I'm not sure if anyone knows the answer, but I am building a 4th axis for CNC and wanted to know if its 1" diameter spindle would be adequate if used with an X2 milling machine. I can purchase 1-1/4", but it's not cheap, so I wanted some opinions.

Thanks,
Jim


----------



## jimemack (May 6, 2013)

...almost forgot an important piece of info - the spindle will be made of steel.


----------



## Analias (May 6, 2013)

I have been contemplating doing something similar for my x3.  Does the spindle you are considering have an inside taper and what size is it? Are you working from plans?

I am considering using the headstock off of my extra 9x20 lathe and mounting a stepper and DC motor to drive indexing and turning. I would use the spindle that came with it, it has a 3MT taper. I could use the tailstock off the 9x20 also.
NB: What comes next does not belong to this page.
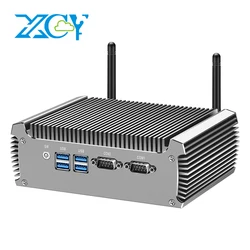 XCY Mini PC Industrial Fanless Intel Core i7 Doble LAN RS-232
Sent from my Nexus S using Tapatalk 2


----------



## jimemack (May 6, 2013)

I created the plans. And, yes, there is a 2MT inside the spindle. I will be doing fairly light work with it, but I'm worried that there will be minute flexion of the spindle if it's too small. Is there a calculator available for this sort of thing? I'm neither sure I could develop equations for this nor if it's even worth the time.

Jim


----------



## jimemack (May 6, 2013)

I have read several conversations where it was suggested to use a lathe head - excellent idea. However, I feel like being challenged seriously by this hobby, so I'm taking the proverbial 'plunge'. I just hope I have thought of everything. The spindle diameter is but a small, albeit most important, component of the build process. But, because it happens to be the most critical component, I keep second-guessing myself. I'm right now contemplating purchasing a 1-1/4" shaft from McMaster-Carr now and I think I'll go with it. It costs $23.39, but that's a small price for my peace of mind, I think. I'll just wait to see if more people might have some input.

Jim


----------